- Where do I start when securing mobile devices?
- Who is responsible for device security?
- What security do mobile devices need?
- For the mobile devices I do need, isn’t password protection sufficient?
- So how do I secure the data itself?
- How do I manage passwords and encryption across the devices?
- I can’t find sufficient security tools for PDAs, smart phones and so on. So how do I handle them?
- Are there other risks I should watch out for?
- What does mobile security cost to implement?
Who is responsible for device security?
Ultimately, the CEO is responsible for the loss of secret information, such as competitive data, trade secrets or customer information. In practice, the buck stops with the CSO or CIO, depending on your organisational chart. Meanwhile, network administrators, client management leads, department heads and individual users share implementation responsibility. The CSO or CIO should set the policies as to what data may be stored on mobile devices, what level of protection is required for different types of data, and what access to internal systems various mobile devices may have. Often, these policies are part of the overall data management and access management policies that cover desktop users and remote users.
The network administrator and IT chief responsible for client management typically choose the tools to ensure that password, VPN, access control and malware-protection requirements are met.
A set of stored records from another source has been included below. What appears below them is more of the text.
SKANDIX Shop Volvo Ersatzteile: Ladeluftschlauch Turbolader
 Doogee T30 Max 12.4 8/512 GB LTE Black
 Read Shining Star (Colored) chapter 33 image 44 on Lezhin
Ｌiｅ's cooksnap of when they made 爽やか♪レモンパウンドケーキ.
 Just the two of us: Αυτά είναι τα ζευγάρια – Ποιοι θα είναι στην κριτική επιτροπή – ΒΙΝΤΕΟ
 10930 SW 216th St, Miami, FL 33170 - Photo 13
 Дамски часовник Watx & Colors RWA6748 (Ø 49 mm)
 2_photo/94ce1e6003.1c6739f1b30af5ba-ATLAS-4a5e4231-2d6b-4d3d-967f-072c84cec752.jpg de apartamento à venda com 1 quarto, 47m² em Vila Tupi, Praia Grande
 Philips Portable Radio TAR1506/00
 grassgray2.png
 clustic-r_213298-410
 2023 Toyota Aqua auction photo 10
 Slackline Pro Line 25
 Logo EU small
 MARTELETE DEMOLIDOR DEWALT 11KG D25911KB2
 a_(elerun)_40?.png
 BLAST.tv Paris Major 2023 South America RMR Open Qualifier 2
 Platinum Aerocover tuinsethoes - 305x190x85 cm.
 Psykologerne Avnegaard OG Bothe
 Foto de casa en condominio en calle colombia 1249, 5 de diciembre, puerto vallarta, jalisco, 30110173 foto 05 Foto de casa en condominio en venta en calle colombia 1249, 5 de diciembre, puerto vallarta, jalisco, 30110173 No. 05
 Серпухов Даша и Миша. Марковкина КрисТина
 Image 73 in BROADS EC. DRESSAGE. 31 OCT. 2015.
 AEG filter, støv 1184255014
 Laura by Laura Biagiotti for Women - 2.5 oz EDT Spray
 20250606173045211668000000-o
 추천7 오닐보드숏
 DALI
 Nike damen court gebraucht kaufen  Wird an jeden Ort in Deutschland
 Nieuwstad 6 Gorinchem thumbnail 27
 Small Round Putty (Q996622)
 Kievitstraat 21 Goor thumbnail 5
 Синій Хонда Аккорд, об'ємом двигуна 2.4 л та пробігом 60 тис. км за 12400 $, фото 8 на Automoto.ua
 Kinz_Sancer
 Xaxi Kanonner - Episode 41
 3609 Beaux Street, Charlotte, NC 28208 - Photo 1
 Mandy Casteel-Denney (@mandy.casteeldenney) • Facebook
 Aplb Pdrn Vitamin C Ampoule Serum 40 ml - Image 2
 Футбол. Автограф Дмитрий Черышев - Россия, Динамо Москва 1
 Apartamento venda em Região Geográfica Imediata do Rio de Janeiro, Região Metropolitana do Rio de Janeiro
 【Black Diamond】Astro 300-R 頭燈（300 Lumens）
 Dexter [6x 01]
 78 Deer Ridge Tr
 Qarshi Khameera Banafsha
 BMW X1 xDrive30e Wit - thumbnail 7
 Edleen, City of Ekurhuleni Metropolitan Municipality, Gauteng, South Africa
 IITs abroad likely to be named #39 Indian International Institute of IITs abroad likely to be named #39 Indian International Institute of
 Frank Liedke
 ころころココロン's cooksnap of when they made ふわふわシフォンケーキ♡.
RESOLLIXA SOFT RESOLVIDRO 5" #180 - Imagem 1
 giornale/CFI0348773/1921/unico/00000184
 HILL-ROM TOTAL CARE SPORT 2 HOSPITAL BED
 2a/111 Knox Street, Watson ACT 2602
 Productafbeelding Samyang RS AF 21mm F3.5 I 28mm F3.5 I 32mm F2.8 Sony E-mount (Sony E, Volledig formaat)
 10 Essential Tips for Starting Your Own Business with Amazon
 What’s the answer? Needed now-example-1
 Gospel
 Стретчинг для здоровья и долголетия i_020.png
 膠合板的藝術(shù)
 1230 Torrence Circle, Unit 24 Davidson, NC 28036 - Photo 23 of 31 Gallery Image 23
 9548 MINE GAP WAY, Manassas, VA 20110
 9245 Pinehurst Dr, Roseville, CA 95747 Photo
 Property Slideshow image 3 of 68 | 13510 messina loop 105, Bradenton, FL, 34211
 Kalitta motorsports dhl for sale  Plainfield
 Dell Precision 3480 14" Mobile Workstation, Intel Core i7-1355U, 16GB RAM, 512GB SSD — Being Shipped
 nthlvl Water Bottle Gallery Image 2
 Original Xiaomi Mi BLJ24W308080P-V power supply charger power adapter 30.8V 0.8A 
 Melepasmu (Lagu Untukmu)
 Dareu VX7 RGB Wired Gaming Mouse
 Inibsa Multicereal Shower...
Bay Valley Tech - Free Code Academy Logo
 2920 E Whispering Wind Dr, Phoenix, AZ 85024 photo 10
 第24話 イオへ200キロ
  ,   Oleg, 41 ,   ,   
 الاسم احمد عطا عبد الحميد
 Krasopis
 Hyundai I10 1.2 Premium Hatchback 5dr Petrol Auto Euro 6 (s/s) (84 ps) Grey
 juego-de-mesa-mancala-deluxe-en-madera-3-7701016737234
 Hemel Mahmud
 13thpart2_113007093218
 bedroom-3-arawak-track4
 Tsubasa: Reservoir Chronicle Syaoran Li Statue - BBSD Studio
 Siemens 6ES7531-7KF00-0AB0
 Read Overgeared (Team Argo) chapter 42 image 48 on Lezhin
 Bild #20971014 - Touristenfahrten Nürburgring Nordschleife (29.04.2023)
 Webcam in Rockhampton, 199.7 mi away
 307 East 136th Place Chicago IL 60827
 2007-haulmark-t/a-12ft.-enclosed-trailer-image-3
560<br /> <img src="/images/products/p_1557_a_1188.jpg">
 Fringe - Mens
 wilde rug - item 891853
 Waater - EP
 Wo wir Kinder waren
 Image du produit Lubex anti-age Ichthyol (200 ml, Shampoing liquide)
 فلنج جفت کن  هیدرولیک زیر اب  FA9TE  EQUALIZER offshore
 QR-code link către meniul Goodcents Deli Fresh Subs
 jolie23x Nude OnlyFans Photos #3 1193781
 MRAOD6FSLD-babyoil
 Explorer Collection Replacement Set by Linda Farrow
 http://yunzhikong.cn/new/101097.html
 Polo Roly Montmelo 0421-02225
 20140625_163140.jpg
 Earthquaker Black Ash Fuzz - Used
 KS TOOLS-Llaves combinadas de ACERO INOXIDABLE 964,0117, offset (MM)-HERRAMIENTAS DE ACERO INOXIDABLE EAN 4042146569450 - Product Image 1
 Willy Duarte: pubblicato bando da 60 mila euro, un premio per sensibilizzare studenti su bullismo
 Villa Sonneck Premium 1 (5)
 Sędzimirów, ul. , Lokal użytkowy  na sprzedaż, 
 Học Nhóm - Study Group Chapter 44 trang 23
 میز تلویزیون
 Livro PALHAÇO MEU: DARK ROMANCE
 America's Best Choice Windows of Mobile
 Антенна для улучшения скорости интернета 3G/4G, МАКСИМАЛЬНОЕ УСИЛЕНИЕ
They may also determine which types of mobile devices are authorised for use with company data and services, based on the level of security they can enforce on the various devices. Business managers and users are responsible for following these policies, and for not trying to work around the policies by using personal devices with forbidden company data and services — an easy temptation when you already have a PDA, iPod, smart phone or USB drive and see no harm in using it for work purposes.
What security do mobile devices need?
Some mobile devices — particularly laptops — have a clear set of risks, since they are portable computers that can store valuable data and include applications that access your network and enterprise resources. A stolen laptop can be a treasure trove of critical data as well as an easy conduit into your enterprise’s systems. But other devices — PDAs, smart phones, iPods and USB “thumb drives,” for example — that seem innocuous can also expose your company’s data or provide outsiders access to your systems if not properly secured.
Some of these security threats are handled at the network level — such as requiring the use of authentication and VPNs for remote access into corporate systems — for PCs, laptops and handhelds alike. Some of these security threats are part of your client management tools, such as password policy enforcement and malware detection. But mobile devices typically need extra protection of the data they store, in the form of encryption, so a lost or stolen device can’t become a treasure trove for data thieves. (And most states require that companies report any loss of unencrypted data involving consumers’ private information, a disclosure that is not only costly to execute but even more expensive in terms of lost trust.) In some cases, mobile devices may need extra protection such as the use of hardware-based authentication tokens so a thief can’t access your enterprise network even if he discovers the user’s password.